In other words, it has to perform this sequence of events:
LOAD waiter->list.next;
LOAD waiter->task;
STORE waiter->task;
CALL wakeup
RELEASE task
and if any of these steps occur out of order, then the whole thing may
malfunction.
Once it has queued itself and dropped the semaphore lock, the waiter does not
get the lock again; it instead just waits for its task pointer to be cleared
before proceeding. Since the record is on the waiter's stack, this means that
if the task pointer is cleared _before_ the next pointer in the list is read,
another CPU might start processing the waiter and might clobber the waiter's
stack before the up*() function has a chance to read the next pointer.
Consider then what might happen to the above sequence of events:
CPU 1 CPU 2
=============================== ===============================
down_xxx()
Queue waiter
Sleep
up_yyy()
LOAD waiter->task;
STORE waiter->task;
Woken up by other event
<preempt>
Resume processing
down_xxx() returns
call foo()
foo() clobbers *waiter
</preempt>
LOAD waiter->list.next;
--- OOPS ---
This could be dealt with using the semaphore lock, but then the down_xxx()
function has to needlessly get the spinlock again after being woken up.

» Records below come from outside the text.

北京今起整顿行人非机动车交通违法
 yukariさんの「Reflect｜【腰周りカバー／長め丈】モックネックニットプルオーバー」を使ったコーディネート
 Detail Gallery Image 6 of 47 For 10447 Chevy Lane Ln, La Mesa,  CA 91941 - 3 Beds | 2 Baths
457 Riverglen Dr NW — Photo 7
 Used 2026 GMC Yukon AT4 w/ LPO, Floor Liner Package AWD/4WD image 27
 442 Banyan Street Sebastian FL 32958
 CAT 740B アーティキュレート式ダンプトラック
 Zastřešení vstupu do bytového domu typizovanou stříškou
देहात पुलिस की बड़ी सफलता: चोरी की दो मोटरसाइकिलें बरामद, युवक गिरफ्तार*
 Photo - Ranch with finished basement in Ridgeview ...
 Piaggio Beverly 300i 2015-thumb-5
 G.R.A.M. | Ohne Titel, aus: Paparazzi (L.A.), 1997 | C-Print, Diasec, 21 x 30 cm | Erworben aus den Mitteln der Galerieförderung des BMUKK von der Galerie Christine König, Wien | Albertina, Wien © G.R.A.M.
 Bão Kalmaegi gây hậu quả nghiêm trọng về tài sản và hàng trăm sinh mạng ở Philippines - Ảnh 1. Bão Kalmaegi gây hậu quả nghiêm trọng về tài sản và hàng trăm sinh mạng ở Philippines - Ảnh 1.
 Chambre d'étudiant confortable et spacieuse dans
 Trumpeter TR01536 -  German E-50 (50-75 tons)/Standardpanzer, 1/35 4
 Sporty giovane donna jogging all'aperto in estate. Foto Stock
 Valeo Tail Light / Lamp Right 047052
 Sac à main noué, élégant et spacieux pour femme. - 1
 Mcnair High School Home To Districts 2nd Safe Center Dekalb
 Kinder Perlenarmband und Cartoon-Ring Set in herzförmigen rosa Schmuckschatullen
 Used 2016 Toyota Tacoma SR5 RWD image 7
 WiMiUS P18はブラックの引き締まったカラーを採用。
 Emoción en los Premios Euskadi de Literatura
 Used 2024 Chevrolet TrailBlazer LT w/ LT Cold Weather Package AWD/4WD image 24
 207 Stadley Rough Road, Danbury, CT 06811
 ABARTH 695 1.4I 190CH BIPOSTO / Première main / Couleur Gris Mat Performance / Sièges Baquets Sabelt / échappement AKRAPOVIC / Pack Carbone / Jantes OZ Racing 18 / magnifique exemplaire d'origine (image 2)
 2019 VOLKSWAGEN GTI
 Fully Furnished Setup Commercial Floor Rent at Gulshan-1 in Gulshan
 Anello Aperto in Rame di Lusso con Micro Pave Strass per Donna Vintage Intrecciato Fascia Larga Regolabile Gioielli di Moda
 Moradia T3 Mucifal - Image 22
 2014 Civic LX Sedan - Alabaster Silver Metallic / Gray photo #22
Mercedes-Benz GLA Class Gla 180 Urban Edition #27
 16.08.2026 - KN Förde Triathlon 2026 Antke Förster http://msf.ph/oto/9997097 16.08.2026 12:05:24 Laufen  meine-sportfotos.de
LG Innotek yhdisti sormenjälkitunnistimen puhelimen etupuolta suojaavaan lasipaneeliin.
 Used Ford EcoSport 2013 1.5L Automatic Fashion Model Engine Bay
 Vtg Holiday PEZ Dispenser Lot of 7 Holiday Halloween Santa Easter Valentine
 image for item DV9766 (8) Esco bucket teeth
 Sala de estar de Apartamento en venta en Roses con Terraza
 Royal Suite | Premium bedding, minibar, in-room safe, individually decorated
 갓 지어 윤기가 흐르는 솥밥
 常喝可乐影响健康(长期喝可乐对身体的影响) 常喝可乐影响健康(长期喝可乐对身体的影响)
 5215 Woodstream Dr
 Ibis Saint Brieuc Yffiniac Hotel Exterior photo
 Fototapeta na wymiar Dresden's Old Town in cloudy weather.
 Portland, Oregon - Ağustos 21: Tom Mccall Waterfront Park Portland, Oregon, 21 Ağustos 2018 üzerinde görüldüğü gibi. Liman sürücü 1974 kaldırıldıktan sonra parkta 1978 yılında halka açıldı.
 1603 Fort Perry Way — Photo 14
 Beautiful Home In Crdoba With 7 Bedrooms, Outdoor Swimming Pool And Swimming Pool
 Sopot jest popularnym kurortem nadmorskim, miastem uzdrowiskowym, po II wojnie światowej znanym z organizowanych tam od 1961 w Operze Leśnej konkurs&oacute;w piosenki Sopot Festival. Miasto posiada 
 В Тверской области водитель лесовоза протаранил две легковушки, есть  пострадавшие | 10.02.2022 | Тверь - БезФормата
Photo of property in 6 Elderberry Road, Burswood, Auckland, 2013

The way to deal with this is to insert a general SMP memory barrier:
LOAD waiter->list.next;
LOAD waiter->task;
smp_mb();
STORE waiter->task;
CALL wakeup
RELEASE task
In this case, the barrier makes a guarantee that all memory accesses before the
barrier will appear to happen before all the memory accesses after the barrier
with respect to the other CPUs on the system. It does _not_ guarantee that all
the memory accesses before the barrier will be complete by the time the barrier
instruction itself is complete.
On a UP system - where this wouldn't be a problem - the smp_mb() is just a
compiler barrier, thus making sure the compiler emits the instructions in the
right order without actually intervening in the CPU. Since there's only one
CPU, that CPU's dependency ordering logic will take care of everything else.
ATOMIC OPERATIONS
-----------------
While they are technically interprocessor interaction considerations, atomic
operations are noted specially as some of them imply full memory barriers and
some don't, but they're very heavily relied on as a group throughout the
kernel.
See Documentation/atomic_t.txt for more information.
ACCESSING DEVICES
-----------------
Many devices can be memory mapped, and so appear to the CPU as if they're just
a set of memory locations. To control such a device, the driver usually has to
make the right memory accesses in exactly the right order.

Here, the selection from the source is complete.